El viaje fue reconocido por el fontanero mayor de Palacio en 1750 y disponía de 50,5 reales de caudal. De ellos una cuarta parte casi en exclusiva para abastecer las dependencias de la Corona (26%) –que incluían las fuentes del Callejón de la Cadena y la de Cuatro Caños–; también se beneficiaban particulares (68%) y tan solo dos fuentes públicas (6%), las de Matalobos en la calle Ancha de San Bernardo y la del Cura en la calle del Pez, con un caudal de 1 y 2 reales, respectivamente.

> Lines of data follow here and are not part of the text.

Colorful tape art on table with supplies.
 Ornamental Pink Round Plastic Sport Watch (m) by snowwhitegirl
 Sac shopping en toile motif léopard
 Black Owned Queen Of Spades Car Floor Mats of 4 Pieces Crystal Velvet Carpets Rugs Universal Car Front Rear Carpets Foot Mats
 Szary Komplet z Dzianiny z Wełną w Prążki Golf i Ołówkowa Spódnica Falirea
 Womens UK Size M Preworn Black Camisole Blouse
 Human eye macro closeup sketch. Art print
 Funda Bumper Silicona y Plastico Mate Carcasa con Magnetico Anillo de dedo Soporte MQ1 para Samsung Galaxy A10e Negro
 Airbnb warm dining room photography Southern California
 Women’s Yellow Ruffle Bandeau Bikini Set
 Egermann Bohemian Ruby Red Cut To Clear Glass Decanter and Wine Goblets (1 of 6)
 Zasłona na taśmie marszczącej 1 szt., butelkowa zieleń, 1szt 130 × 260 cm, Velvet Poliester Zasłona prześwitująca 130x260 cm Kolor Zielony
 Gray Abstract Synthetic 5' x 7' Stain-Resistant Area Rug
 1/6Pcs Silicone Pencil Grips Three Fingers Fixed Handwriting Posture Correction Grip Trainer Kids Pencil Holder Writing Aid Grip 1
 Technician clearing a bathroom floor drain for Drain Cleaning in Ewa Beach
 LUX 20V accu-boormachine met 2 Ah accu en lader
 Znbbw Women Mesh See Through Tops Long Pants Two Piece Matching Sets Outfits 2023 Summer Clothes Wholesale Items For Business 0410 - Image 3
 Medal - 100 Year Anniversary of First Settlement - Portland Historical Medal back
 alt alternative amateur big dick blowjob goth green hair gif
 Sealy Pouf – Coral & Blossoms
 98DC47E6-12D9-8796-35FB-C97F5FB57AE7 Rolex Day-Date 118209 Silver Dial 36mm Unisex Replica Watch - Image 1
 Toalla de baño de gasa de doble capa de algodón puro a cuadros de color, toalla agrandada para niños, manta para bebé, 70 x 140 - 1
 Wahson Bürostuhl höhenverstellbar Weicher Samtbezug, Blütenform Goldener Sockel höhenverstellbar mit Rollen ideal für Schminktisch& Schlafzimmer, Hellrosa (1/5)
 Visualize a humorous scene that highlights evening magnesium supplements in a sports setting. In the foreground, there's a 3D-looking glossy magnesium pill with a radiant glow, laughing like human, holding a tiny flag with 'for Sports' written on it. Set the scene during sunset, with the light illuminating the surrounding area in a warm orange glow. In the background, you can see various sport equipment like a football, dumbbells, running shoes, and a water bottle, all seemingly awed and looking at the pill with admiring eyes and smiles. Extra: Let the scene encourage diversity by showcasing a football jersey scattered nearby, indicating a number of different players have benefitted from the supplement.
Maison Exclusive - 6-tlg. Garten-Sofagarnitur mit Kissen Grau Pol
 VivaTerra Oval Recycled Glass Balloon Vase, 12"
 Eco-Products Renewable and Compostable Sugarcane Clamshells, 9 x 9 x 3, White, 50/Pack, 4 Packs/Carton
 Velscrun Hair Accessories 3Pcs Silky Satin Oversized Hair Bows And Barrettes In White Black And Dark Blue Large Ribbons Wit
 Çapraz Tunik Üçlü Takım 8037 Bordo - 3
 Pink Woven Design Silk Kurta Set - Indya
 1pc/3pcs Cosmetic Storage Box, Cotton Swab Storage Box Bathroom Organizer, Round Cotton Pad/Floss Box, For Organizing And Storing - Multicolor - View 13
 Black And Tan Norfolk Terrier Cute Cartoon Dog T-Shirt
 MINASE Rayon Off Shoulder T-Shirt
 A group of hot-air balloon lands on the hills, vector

Hay que notar que estas dos fuentes estaban sufragadas por la Villa, en virtud de un trueque por el que a cambio la Corona recibía de otros viajes municipales los mismos caudales que el viaje de Amaniel dejaba en ellas.
Debido a la fuerte sequía de finales de la década de 1820, durante los últimos años del reinado de Fernando VII y las regencias de María Cristina y Espartero se pusieron en práctica distintas iniciativas para la mejora del suministro de aguas a Palacio. Entre ellas destaca la asignación de una cantidad fija de dinero para el mantenimiento del viaje y para la ejecución de obras de ampliación. De esta época data la construcción del ramal de Cantarranas -Ciudad Universitaria- y la ampliación de la cabecera del norte hasta el Cerro de los Pinos, hoy parques de la Ventilla y los Pinos. Cabe asimismo citar los trabajos de los arquitectos Custodio Moreno, Tiburcio Pérez y Narciso Pascual y Colomer, que auspiciaron diversos reconocimientos de la traza, reformaron algunos tramos y estandarizaron el método de aforo de caudales.
La última gran crisis de abastecimiento de los viajes de agua tuvo lugar a mediados del siglo XIX, y fue la que en último término precipitó su abandono. La construcción del Canal de Isabel II, un imponente acueducto de casi ochenta kilómetros de longitud, fue coronada una tarde de verano de 1858 con la espectacular llegada de las aguas del valle del Lozoya a la fuente que entonces presidía la Glorieta de San Bernardo. A partir de aquel momento, las modernas tomas del Canal fueron sustituyendo a los viajes.
Pese a todo, el viaje de Amaniel todavía se mantuvo operativo durante casi un siglo. De finales del siglo XIX y principios del XX datan multitud de expedientes administrativos que revelan que el crecimiento de Madrid por el norte –hoy barrios de Fuencarral, Tetuán y Chamartín– fue contribuyendo poco a poco a su desmantelamiento: entre ellos observamos la retirada de muchos capirotes que entorpecían el paso en las nuevas calles, la excavación de pozos cercanos al viaje para el abastecimiento de propiedades de reciente construcción o el abandono progresivo de pequeños ramales.
Su origen estaba en el cementerio de Fuencarral y desde allí se bifurcaba en dos ramales: uno atravesaba la Dehesa de la Villa (antigua dehesa de la corte de Castilla en Madrid encomendada al ballestero de Enrique II de Castilla Lope de Amaniel), mientras que el otro cruzaba la antigua huerta del Obispo (en la actualidad colonia de Villaamil). Ambos ramales de captación confluían en la Quinta de los Pinos, situado al final de la Dehesa. Desde la quinta el viaje discurría a lo largo de la calle Guzmán el Bueno, atravesando el antiguo cementerio conocido con el nombre de las Calaveras, que luego ocuparía el Estadio de Vallehermoso. Desde allí llegaba a la Glorieta de San Bernardo y bajaba hacia la Gran Vía finalizando en la Plaza de Oriente.